Directions for this task » The answer must consist only of the lines from the line with "FernandaKellyyy's tweet photo." to the line with "卡罗莱娜・科库娃-Harpe", both included, exactly as they stand below.

Data for the task »
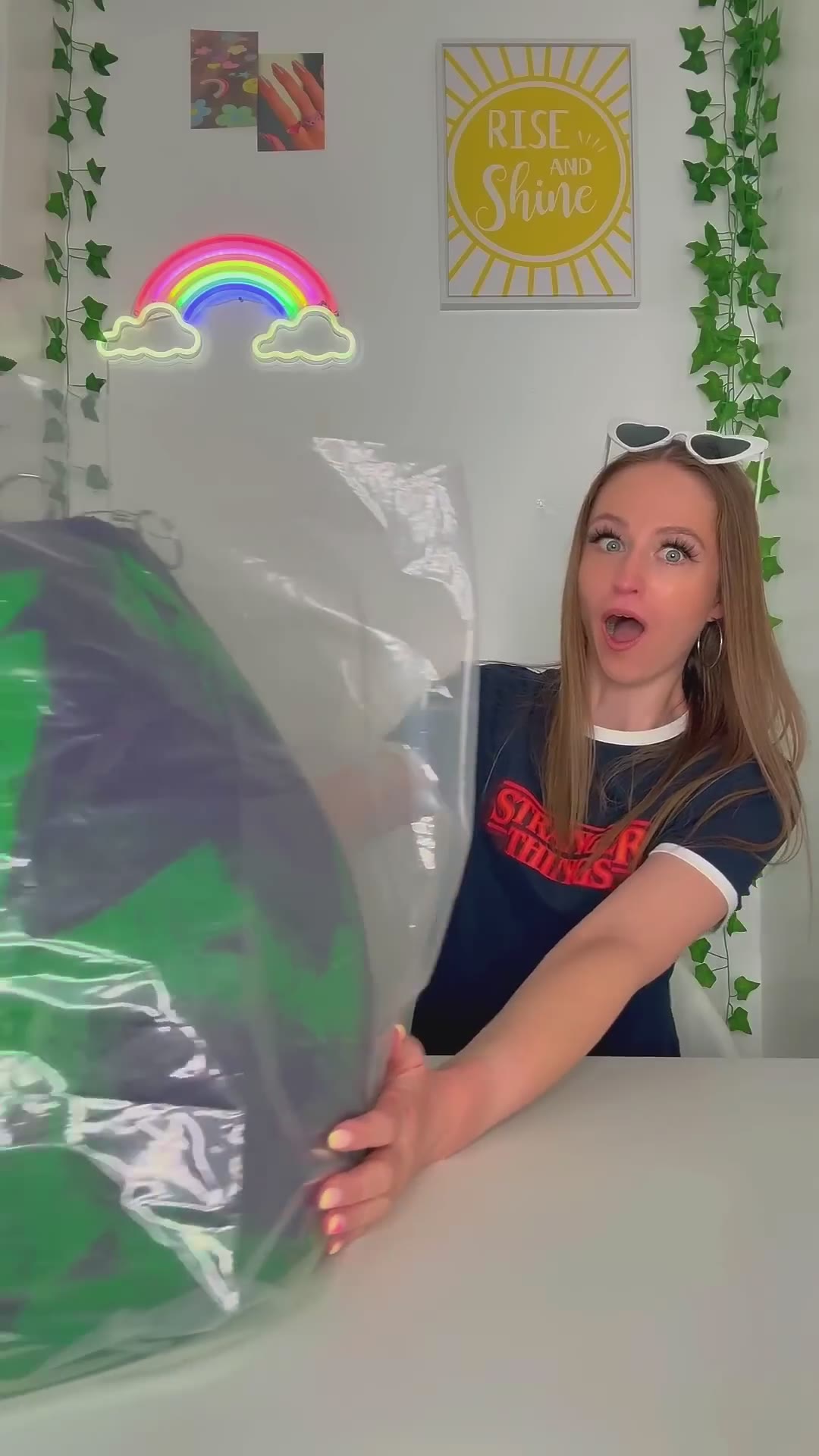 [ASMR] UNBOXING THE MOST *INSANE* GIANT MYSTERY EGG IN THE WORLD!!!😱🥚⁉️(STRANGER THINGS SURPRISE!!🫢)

* * *

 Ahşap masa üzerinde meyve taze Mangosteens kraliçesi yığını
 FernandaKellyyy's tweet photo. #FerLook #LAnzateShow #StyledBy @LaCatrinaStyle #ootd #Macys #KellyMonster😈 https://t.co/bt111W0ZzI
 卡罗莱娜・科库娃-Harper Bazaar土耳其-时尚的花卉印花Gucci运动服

Task output »
 FernandaKellyyy's tweet photo. #FerLook #LAnzateShow #StyledBy @LaCatrinaStyle #ootd #Macys #KellyMonster😈 https://t.co/bt111W0ZzI
 卡罗莱娜・科库娃-Harper Bazaar土耳其-时尚的花卉印花Gucci运动服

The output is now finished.